Wednesday, February 19, 2020

I'm asked fairly often whether I know this writer or that one. Do we meet together and discuss literature, and is there a quiet dark corner in a downtown bookstore where a ritual of absinthe mingles with old cigars, and the ghost of Hemingway appears now and then to gentle our hearts with his honest laughter?
Can I wish it were true and at the same time deny that I would take part? I miss meeting with other writers, talking books, ranting about small royalties and the paucity of true Literature in America where talent is lost in favor of thinly contrived novels crafted as a medium for gratuitous sexual scenes and social agendas.

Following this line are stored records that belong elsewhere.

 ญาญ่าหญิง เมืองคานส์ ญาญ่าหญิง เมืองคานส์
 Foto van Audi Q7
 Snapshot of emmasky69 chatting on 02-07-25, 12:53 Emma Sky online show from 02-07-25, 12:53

If only I could again sit with the authors of the personally autographed books on my shelf of special collections. Shall I drop names? Shall I tell you of the time I had dinner with Clive Custler, and shared unbound manuscripts with Tony Hillerman? I've known Alice Hoffman, Lisa See, Kathleen Kent, Mary Sharratt and Michael Blake. I have spent delightful hours with Ofelia Zepeda, Jennifer Niven, Peggy Godfrey, Robert Morgan. Susan Cummings Miller and Marguerite Noble. Sandra Dallas. Luis Alberto Urrea, Ron Querry, and Sherri Szemon, Mary Doria Russell. Masha Hamilton, Jewell Parker Rhodes, Lillian Cantor and Sharon Kay Penman. David McCullough. Bonnie Marson. C. J. Box. Anne Hillerman. Jennifer Lee Carroll. Rebecca Eaton. H. W. Brands.

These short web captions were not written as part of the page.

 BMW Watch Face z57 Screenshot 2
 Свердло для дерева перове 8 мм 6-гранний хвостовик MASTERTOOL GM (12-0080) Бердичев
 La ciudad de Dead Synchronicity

The chances of them remembering me are, to put it kindly, slim, but I remember them all. I remember Ofelia's story of the tortillas her mother made in the hot summer, melting over a flaming comal, and saying, the smart kids knew to leave Mama alone until she rested. Clive Custler was in the middle of raising a Civil War ship from the bottom of the ocean, surely enough material for another novel. Mary Doria Russell can tell medical tales of dying by consumption and every moment of the life of Doc Holliday. Every time I sit to ponder another story, I call them all to me and offer a sip of their favorite, whether it's herbal tea or "papa's" whiskey. I also invite C.S. Lewis, Stephen King, Truman Capote, Anna Quindlen and Anne Taylor, Bernard Cornwell and Nathaniel Philbrick, Stephen Ambrose, Samuel Clemens, and Jane Austen, Jack London and Leo Tolstoy. Every First People's storyteller, every Norseman or Highlander who knelt by a crag to spin a yarn of heroes and war, every West Indian grandmother lulling her children's children to sleep.

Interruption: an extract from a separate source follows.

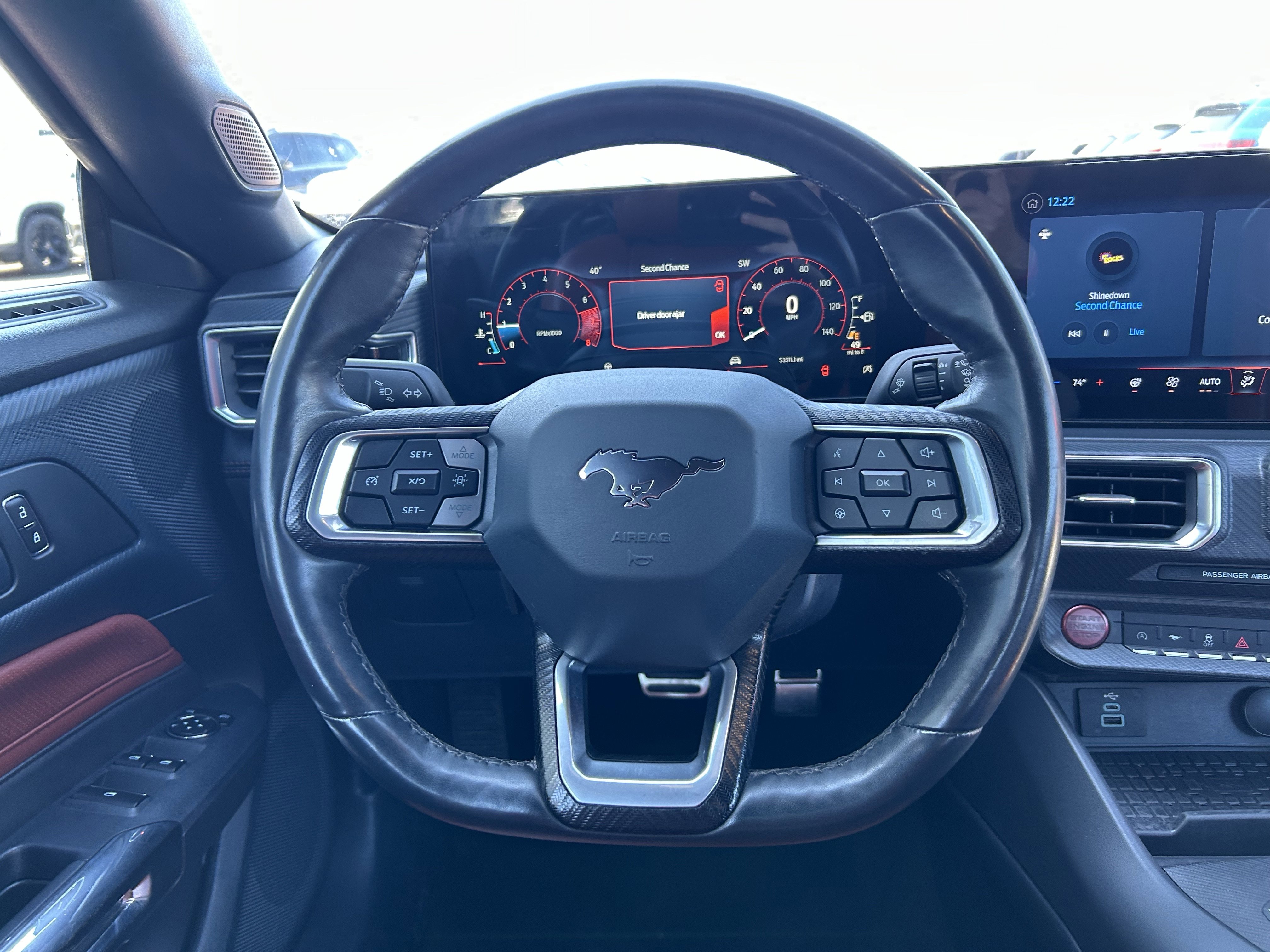 Used 2024 Ford Mustang Premium image 14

We need each other, we crafters of tale. To separate is to toss a coal away from the fire where it cannot feed off the flame. Surrounded with books, my writing nook quivers with sylphic spirits of those past, and memories of those still here. Come and share my writing space. There is a chair. I've made cake. Chocolate this time, although it fell a bit in the center, but the crumb is good and moist and the white vanilla frosting has a touch of almond flavor as well. Before you put pen to paper or fingers to keyboard, think of the authors before you and all the thousands of stories left untold. . . waiting for you.

1 comment:

  1. Ah, Nancy, thank you for posting this. If we lived closer I'd love to sit and chat over a cup of coffee and at least one slice of cake! Thanks to Marilou I've read all but your most recent book (it's on my "next to read" list), and have shared others of yours often. Thank you for your integrity and sticking to your values in your writing. Keep 'em coming!